The Belhar Confession of Faith was adopted by the NG Sendingkerk in draft form at its General Synod in 1982, and then in final form at the 1986 Synod at Belhar in the Western Cape. It is rooted in the same socio-political context of the repressive apartheid system as the Kairos Document, and it was also decisive in rejecting it from a Christian perspective.
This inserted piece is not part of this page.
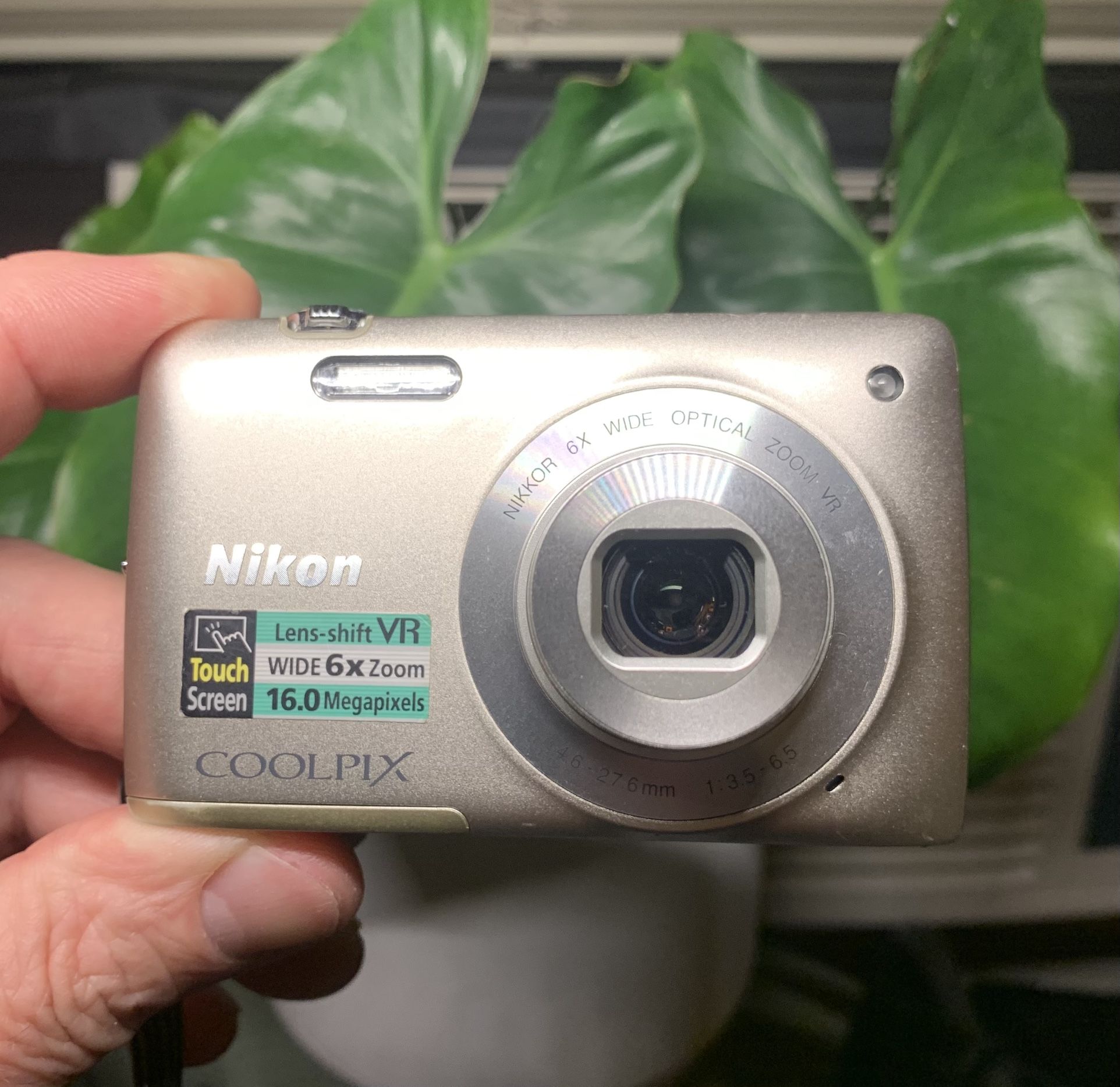 Nikon COOLPIX S4300 Digital Camera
However it is a very different kind of theological document, and gives rise to quite a different perspective on ‘church theology’; and in so doing points us to a different ecclesiology and a different way of thinking about church and politics in a post-apartheid era.

The Belhar trajectory has its origins in the witness of Beyers Naudé, and the Christian Institute (CI) which he founded; and is shaped by the significant insight of the 1968 Message to the People of South Africa of the CI and the SACC, that apartheid is a ‘false gospel’. The fundamental concern of the ‘church struggle’ at this stage centred on the fact that the church was seen to be lending ideological support to the policy of apartheid, and this needed to be challenged for the sake of the truth of the gospel and the integrity of the church. However, events in the 1970s, sparked by the SPRO-CAS I and II programmes that grew out of the Message, the emergence of Black Theology, the Programme to Combat Racism, and ultimately by the Soweto Uprising of 1976 led to a concern not just with the gospel and the church, but for the people who were the victims of racism, injustice and oppression. This shift challenged the institutional church about its role in the South African struggle for freedom, and culminated, as we have seen, in the Kairos Document. Nevertheless alongside the questions of orthopraxis, the question of orthodoxy still remained, namely: Is apartheid of the gospel or is it a ‘false gospel’? This ideological battle was still to be won.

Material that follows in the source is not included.